Sorry for bothering you. Thanks.

YuDeng commented 3 years ago

In our experiment, we train the model with over 200k images. I think training the model with around 100k faces is reasonable. 6000 faces seems not enough.

hanssssssss commented 3 years ago

In our experiment, we train the model with over 200k images. I think training the model with around 100k faces is reasonable. 6000 faces seems not enough.

Thanks for your reply, how about the epoch? I see you set the train_maxiter = 200000, is it the epoch for the train? And I have another problems. I tried to overfit a single image, but the gamma loss was always 0 even though I add a small number (1e-5).Do you have any idea about it?

Sincerely appreciate your help.

yougusee commented 3 years ago

In our experiment, we train the model with over 200k images. I think training the model with around 100k faces is reasonable. 6000 faces seems not enough.

Thanks for your reply, how about the epoch? I see you set the train_maxiter = 200000, is it the epoch for the train? And I have another problems. I tried to overfit a single image, but the gamma loss was always 0 even though I add a small number (1e-5).Do you have any idea about it?

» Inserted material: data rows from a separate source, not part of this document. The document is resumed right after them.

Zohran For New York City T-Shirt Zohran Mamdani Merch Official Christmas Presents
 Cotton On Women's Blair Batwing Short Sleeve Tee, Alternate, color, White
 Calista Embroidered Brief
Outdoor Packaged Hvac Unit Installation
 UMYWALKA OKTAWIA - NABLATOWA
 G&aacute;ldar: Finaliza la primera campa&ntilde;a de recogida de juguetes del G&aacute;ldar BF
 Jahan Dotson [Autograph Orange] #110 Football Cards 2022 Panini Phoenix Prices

Sincerely appreciate your help.

Excuse me, did you meet this problem during training? FailedPreconditionError (see above for traceback): Attempting to use uninitialized value InceptionResnetV1/Repeat/block35_2/Conv2d_1x1/biases

hanssssssss commented 3 years ago

In our experiment, we train the model with over 200k images. I think training the model with around 100k faces is reasonable. 6000 faces seems not enough.

Thanks for your reply, how about the epoch? I see you set the train_maxiter = 200000, is it the epoch for the train? And I have another problems. I tried to overfit a single image, but the gamma loss was always 0 even though I add a small number (1e-5).Do you have any idea about it? Sincerely appreciate your help.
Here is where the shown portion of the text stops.